=== TASK DETAILS ===
Write out every entry in full. Leave nothing out.

Records from a dataset
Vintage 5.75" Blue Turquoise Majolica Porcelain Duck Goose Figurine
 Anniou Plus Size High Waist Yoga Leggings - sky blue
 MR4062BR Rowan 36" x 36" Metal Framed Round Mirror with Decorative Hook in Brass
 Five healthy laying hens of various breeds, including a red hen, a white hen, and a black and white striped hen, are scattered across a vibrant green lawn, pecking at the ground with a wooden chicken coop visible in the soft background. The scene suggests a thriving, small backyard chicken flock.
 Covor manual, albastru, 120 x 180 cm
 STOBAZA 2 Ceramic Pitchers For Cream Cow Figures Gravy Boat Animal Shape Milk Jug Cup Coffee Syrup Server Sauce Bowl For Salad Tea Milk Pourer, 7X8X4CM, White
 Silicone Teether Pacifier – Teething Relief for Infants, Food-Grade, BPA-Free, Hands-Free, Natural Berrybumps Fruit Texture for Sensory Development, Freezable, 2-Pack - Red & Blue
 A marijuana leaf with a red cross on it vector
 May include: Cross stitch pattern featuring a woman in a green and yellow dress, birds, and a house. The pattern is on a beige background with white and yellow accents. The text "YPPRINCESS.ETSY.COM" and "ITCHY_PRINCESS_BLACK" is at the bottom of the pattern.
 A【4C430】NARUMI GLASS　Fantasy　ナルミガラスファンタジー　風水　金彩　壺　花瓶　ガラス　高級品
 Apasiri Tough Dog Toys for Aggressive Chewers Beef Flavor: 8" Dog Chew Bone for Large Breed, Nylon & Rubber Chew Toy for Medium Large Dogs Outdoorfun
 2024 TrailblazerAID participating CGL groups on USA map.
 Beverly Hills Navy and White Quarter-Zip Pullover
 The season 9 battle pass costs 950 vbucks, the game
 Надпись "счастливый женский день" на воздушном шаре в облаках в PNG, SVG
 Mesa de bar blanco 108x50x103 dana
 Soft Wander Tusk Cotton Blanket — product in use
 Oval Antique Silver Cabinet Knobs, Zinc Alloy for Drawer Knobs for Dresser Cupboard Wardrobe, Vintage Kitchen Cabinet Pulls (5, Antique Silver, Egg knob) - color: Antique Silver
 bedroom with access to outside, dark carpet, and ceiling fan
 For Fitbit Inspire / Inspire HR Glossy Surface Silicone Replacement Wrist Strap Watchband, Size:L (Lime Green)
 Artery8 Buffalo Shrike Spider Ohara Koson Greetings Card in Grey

=== TASK ANSWER ===
Vintage 5.75" Blue Turquoise Majolica Porcelain Duck Goose Figurine
 Anniou Plus Size High Waist Yoga Leggings - sky blue
 MR4062BR Rowan 36" x 36" Metal Framed Round Mirror with Decorative Hook in Brass
 Five healthy laying hens of various breeds, including a red hen, a white hen, and a black and white striped hen, are scattered across a vibrant green lawn, pecking at the ground with a wooden chicken coop visible in the soft background. The scene suggests a thriving, small backyard chicken flock.
 Covor manual, albastru, 120 x 180 cm
 STOBAZA 2 Ceramic Pitchers For Cream Cow Figures Gravy Boat Animal Shape Milk Jug Cup Coffee Syrup Server Sauce Bowl For Salad Tea Milk Pourer, 7X8X4CM, White
 Silicone Teether Pacifier – Teething Relief for Infants, Food-Grade, BPA-Free, Hands-Free, Natural Berrybumps Fruit Texture for Sensory Development, Freezable, 2-Pack - Red & Blue
 A marijuana leaf with a red cross on it vector
 May include: Cross stitch pattern featuring a woman in a green and yellow dress, birds, and a house. The pattern is on a beige background with white and yellow accents. The text "YPPRINCESS.ETSY.COM" and "ITCHY_PRINCESS_BLACK" is at the bottom of the pattern.
 A【4C430】NARUMI GLASS　Fantasy　ナルミガラスファンタジー　風水　金彩　壺　花瓶　ガラス　高級品
 Apasiri Tough Dog Toys for Aggressive Chewers Beef Flavor: 8" Dog Chew Bone for Large Breed, Nylon & Rubber Chew Toy for Medium Large Dogs Outdoorfun
 2024 TrailblazerAID participating CGL groups on USA map.
 Beverly Hills Navy and White Quarter-Zip Pullover
 The season 9 battle pass costs 950 vbucks, the game
 Надпись "счастливый женский день" на воздушном шаре в облаках в PNG, SVG
 Mesa de bar blanco 108x50x103 dana
 Soft Wander Tusk Cotton Blanket — product in use
 Oval Antique Silver Cabinet Knobs, Zinc Alloy for Drawer Knobs for Dresser Cupboard Wardrobe, Vintage Kitchen Cabinet Pulls (5, Antique Silver, Egg knob) - color: Antique Silver
 bedroom with access to outside, dark carpet, and ceiling fan
 For Fitbit Inspire / Inspire HR Glossy Surface Silicone Replacement Wrist Strap Watchband, Size:L (Lime Green)
 Artery8 Buffalo Shrike Spider Ohara Koson Greetings Card in Grey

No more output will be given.